En 2011, la première révolution du printemps arabe met les projecteurs du monde sur la Tunisie et une vague de sympathie porte nos artistes sur des cimaises européennes. Un collectif d’artistes est invité à Paris sous la houlette de Frédéric Mitterrand, ministre de la Culture et grand ami de la Tunisie. L’année d’après, Noutayel est de nouveau invité à Paris, cette fois pour un an et dans un atelier à la Cité Internationale des Arts aux frais de la France. Il obtiendra pour Omar Bey les mêmes conditions, Noutayel n’est pas un ingrat. Ce sera une année pleine et grisante durant laquelle il profite intensément de tout ce que le Paris des arts a à offrir, jusqu’à en revenir un peu perdu, le temps de digérer tout ce qu’il a dévoré avec gourmandise.
Après avoir tutoyé la fontaine de Niki de Saint-Phalle et Jean Tinguely sur un trajet quotidien à Beaubourg pendant un an, il sait au moins qu’il est un artiste cinétique. Il s’est trouvé une famille et un parrain de prédilection : Jean Tinguely.

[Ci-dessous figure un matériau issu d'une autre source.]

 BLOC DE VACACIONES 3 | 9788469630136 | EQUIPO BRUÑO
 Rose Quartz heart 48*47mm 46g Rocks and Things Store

Ce n’est peut-être pas un hasard si quelques années plus tard, en 2018, il réalise pour une banque une fontaine mécanique où une fleur qui bouge distribue des jets d’eau en tournant… Mais arrêtons-nous un instant sur ce qu’il doit à Tinguely et à Calder, et sur ce qu’il ne leur doit pas. Comme Tinguely, il récupère des pièces mécaniques et les intègre à ses compositions, comme lui aussi il manie aussi bien la malice que le fer à souder, mais Noutayel l’ingénieur est un dessinateur et un rêveur au plus près du principe des choses. Là où Tinguely surcharge et caricature jusqu’au loufoque, Noutayel n’en rajoute pas. Il retranche jusqu’à ne plus pouvoir. Il connaît les structures et les lois organiques, sait orchestrer les poids et les mesures qui assurent les équilibres. Ne subsiste que le geste épuré ,le silence de l’émotion. Le mouvement, il le célèbre dès la première oscillation, l’accompagne et l’étire jusqu’au ralentissement du temps lui-même, jusqu’au vide de la contemplation. Comme Calder, il joue des équilibres et c’est en virtuose du centre de gravité qu’il campe, sur un seul point, des formes complexes et disparates qui se mettent à décrire quand elles tournent des tracés métaphysiques. Son premier équilibre lui a été inspiré par un derviche tourneur. La spirale mystique a peut-être séduit l’artiste meurtri par les manquements des hommes à l’amour, admirablement évoqués dans une de ses œuvres emblématiques où deux tiges de métal ployées en cœur comme un dessin d’enfant palpitent sur un support dont on ne sait si c’est une colonne ou une potence.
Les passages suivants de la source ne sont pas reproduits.